Indonesia aims to receive 11 million visitors in 2005 who will
spend US$15 billion. This is almost double the government's
target of 6.5 million tourist arrivals in 1999, the final year of
the sixth development plan.

Minister of Tourism, Post and Telecommunications Joop Ave
acknowledged that hotels had always suffered illegal levies and
hefty taxes.

"For instance, hotels have to pay both the 10-percent value
added tax and the 10-percent development tax for telephone
charges.

"Hotels must also pay the 10-percent development tax, 25-
percent entertainment tax and 10-percent value added tax for an
outlet like a fitness center," Joop said.

He said hotels often paid incidental and illegal levies for
swimming pools, billboards, street lighting, etc..

Hotelier Wim Tambayong, a former director of state-owned PT
Hotel Indonesia International, said hotel investors were usually
subject to legal and illegal levies while their permits were
being processed.

Asita secretary-general Bermawi acknowledged that tour
operators regularly paid up to Rp 200,000 to the state airport
operator for holding tourist greeting dances.

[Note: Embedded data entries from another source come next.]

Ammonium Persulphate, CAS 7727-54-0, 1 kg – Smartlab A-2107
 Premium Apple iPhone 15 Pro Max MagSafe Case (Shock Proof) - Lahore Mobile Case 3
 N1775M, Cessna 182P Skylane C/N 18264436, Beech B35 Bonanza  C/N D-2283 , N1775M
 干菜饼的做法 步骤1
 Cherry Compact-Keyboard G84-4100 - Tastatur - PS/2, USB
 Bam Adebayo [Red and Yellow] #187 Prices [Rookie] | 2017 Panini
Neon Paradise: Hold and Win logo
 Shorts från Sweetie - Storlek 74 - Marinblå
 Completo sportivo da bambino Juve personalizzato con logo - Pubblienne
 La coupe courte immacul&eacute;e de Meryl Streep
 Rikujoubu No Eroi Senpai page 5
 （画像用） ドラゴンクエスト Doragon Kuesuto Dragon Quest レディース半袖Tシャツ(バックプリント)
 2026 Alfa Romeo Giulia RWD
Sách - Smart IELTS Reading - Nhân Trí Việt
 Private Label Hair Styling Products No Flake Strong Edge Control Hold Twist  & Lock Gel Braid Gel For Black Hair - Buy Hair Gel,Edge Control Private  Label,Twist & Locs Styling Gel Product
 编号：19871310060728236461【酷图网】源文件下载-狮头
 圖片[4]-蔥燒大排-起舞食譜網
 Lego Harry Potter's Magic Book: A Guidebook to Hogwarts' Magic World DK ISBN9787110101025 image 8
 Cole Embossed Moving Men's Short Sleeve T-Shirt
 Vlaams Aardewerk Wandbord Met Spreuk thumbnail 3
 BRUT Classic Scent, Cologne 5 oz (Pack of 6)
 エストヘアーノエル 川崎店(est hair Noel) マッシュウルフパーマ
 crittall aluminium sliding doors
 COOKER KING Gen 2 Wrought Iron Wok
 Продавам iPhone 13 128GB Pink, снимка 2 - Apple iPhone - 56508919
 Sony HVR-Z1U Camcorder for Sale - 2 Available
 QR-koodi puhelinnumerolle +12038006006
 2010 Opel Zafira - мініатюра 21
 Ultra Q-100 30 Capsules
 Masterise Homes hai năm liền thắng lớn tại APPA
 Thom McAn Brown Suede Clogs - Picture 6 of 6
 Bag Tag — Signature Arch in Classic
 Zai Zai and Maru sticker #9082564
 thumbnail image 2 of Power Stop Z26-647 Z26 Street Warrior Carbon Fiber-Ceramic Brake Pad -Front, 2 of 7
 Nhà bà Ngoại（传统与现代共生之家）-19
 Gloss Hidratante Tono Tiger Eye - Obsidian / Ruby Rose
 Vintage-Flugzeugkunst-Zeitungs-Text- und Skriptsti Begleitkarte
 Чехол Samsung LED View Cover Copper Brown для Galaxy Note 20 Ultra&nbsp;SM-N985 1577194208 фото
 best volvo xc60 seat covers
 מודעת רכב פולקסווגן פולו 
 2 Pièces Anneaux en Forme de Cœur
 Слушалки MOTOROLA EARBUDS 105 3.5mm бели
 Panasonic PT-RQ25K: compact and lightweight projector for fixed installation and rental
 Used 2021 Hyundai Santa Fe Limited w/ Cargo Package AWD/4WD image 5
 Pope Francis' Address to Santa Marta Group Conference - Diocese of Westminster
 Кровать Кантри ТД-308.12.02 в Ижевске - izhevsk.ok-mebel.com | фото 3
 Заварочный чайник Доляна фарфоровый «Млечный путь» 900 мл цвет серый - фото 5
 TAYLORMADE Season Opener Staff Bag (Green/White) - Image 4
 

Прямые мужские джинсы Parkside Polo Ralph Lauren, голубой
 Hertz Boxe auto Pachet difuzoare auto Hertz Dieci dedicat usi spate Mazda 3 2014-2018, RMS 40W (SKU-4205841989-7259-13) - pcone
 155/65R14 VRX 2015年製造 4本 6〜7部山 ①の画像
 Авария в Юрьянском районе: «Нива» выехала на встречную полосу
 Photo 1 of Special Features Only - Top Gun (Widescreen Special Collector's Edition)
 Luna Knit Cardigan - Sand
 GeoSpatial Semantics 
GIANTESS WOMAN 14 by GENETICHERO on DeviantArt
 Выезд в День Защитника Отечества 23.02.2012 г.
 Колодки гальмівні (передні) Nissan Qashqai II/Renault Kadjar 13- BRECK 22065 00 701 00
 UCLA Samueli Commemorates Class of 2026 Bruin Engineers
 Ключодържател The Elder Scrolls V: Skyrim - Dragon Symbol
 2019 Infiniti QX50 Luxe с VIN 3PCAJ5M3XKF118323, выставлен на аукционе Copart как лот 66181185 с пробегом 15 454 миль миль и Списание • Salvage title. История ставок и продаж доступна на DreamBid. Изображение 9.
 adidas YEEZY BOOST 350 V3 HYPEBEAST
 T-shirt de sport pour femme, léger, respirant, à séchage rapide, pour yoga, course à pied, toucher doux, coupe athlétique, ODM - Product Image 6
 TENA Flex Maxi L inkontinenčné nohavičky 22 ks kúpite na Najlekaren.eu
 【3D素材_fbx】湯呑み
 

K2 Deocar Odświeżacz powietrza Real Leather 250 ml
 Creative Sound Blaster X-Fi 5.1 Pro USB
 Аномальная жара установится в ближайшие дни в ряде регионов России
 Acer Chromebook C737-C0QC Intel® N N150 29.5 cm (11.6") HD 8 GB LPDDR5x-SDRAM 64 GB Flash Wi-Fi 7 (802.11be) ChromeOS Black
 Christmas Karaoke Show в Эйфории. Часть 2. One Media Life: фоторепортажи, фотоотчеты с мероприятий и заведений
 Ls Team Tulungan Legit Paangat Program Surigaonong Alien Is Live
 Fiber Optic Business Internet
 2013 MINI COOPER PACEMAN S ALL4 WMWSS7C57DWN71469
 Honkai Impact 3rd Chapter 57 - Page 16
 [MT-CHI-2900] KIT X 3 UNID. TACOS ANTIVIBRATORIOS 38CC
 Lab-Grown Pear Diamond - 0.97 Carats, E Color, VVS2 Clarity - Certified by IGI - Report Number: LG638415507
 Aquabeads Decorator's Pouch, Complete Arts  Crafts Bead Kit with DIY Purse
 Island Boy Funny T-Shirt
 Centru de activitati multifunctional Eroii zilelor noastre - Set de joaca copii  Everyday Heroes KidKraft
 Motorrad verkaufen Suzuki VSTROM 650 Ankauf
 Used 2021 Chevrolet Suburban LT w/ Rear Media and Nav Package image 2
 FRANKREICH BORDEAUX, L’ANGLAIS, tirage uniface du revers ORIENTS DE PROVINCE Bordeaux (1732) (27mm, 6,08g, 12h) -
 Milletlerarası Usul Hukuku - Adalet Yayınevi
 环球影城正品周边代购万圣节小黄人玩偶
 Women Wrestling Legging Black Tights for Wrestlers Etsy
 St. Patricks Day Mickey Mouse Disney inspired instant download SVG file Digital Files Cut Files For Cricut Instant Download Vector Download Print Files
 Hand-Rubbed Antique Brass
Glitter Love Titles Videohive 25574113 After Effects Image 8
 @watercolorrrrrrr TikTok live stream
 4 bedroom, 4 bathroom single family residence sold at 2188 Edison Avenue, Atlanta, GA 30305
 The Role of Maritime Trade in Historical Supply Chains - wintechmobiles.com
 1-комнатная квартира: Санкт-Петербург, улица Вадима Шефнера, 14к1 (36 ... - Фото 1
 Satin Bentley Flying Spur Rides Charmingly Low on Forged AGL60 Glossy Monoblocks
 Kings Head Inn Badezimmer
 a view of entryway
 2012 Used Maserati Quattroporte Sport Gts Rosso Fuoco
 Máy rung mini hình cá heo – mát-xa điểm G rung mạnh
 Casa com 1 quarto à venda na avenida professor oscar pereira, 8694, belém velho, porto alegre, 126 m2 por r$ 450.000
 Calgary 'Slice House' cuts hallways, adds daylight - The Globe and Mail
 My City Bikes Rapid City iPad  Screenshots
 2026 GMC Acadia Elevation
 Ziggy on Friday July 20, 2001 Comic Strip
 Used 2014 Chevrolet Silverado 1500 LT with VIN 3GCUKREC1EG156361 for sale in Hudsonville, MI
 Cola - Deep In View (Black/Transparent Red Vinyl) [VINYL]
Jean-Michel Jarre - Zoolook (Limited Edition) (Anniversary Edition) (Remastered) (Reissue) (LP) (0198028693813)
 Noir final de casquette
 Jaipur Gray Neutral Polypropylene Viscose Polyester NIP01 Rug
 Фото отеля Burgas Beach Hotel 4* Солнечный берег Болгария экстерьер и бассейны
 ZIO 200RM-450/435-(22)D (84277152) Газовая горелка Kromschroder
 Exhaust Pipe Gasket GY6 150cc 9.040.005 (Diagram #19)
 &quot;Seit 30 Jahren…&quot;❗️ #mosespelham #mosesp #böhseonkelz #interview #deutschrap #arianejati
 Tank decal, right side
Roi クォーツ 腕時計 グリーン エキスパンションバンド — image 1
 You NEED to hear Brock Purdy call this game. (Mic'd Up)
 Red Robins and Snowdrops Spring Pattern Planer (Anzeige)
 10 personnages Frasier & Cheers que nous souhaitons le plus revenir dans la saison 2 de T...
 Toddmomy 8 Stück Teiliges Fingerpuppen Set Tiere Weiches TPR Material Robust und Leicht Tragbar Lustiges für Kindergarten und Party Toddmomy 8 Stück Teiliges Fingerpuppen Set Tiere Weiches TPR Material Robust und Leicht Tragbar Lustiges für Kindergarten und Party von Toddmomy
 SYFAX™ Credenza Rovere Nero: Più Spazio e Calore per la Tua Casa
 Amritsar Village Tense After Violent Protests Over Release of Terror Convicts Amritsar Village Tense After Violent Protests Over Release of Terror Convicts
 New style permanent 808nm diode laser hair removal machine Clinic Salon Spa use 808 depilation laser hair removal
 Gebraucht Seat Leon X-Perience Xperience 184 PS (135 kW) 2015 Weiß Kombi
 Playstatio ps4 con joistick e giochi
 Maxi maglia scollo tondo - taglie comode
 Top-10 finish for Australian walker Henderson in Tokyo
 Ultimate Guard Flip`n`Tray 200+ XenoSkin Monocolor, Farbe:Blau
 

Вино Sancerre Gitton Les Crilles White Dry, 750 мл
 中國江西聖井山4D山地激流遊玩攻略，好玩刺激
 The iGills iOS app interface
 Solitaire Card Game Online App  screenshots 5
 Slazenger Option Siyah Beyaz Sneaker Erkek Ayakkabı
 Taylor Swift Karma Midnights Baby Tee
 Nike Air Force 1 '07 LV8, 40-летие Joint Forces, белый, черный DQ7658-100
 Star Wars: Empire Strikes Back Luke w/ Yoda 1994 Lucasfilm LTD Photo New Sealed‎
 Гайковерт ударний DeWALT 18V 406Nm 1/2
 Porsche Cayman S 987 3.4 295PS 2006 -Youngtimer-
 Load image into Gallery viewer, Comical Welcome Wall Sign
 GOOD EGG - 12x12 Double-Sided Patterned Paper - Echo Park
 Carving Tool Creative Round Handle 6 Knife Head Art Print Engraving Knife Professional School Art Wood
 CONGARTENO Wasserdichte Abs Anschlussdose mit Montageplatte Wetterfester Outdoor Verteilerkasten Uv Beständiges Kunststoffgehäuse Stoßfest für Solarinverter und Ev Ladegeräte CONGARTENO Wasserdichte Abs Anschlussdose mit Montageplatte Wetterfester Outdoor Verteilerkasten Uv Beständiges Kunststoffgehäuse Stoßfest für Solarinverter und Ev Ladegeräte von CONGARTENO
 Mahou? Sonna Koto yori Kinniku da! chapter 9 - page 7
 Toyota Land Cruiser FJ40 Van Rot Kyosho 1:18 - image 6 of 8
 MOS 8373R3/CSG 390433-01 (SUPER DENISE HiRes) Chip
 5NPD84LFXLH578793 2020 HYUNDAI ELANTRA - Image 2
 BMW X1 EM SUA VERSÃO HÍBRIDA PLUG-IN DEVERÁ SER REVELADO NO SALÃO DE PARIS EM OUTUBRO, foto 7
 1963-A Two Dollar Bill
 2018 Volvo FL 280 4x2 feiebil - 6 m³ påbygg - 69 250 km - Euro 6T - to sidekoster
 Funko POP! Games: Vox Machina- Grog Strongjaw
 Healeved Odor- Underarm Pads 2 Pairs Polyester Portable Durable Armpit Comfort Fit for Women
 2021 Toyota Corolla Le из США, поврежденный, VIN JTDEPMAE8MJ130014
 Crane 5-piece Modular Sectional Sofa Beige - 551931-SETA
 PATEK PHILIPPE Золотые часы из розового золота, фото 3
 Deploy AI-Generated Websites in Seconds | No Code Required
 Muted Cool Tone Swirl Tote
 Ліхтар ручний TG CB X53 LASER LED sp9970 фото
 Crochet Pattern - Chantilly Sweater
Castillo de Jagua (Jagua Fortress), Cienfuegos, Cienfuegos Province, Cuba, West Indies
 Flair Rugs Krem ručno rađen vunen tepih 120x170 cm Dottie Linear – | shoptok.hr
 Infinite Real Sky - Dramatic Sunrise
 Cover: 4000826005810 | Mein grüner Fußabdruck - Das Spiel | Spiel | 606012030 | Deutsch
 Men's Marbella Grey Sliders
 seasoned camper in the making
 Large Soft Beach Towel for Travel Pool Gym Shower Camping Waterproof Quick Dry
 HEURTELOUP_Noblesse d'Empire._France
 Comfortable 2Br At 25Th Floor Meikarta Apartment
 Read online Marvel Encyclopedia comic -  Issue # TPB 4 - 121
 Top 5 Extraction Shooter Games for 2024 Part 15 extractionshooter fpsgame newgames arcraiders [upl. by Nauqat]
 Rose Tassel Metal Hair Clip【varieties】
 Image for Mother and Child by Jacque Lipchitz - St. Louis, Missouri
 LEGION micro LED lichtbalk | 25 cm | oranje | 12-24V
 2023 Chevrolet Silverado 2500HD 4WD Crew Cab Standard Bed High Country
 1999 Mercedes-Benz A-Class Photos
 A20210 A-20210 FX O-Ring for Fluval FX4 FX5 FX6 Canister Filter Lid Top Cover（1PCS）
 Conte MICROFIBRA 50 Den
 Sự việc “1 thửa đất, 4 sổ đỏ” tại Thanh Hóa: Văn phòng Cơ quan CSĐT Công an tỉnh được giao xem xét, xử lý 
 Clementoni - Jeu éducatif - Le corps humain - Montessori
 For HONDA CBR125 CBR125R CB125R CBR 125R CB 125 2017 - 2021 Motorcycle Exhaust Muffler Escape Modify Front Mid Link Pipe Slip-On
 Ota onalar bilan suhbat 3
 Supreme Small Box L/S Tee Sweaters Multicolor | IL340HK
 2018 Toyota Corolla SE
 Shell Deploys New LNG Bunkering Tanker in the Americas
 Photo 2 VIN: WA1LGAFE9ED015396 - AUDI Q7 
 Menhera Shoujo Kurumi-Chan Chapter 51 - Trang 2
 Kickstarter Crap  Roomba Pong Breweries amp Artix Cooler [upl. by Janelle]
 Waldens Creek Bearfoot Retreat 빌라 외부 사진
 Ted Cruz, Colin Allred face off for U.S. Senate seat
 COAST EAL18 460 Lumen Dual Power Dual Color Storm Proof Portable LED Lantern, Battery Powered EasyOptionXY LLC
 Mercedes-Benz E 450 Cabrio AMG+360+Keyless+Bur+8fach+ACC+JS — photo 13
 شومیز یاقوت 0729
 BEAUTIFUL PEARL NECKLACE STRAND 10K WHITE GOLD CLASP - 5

Yasin Buchori, the Value Added Tax on Services chief at the
Tax Directorate General, yesterday conceded it was easy to exact
illegal and multiple taxes on businessmen.

"Originally Indonesia only recognized two kinds of levies --
tax and local fees," he said.

He said tourist businesses were subject to six kinds of taxes
and local fees.

"The first four taxes include income tax, value-added and
luxury sales tax, property tax and stamp duties which are
collected by the central government. The other two kinds of taxes
-- local taxes (such as development tax and entertainment tax)
and local fees -- are collected by local administrations," he
said.

But he said the Jakarta municipal administration collected 14
kinds of taxes and 13 kinds of fees.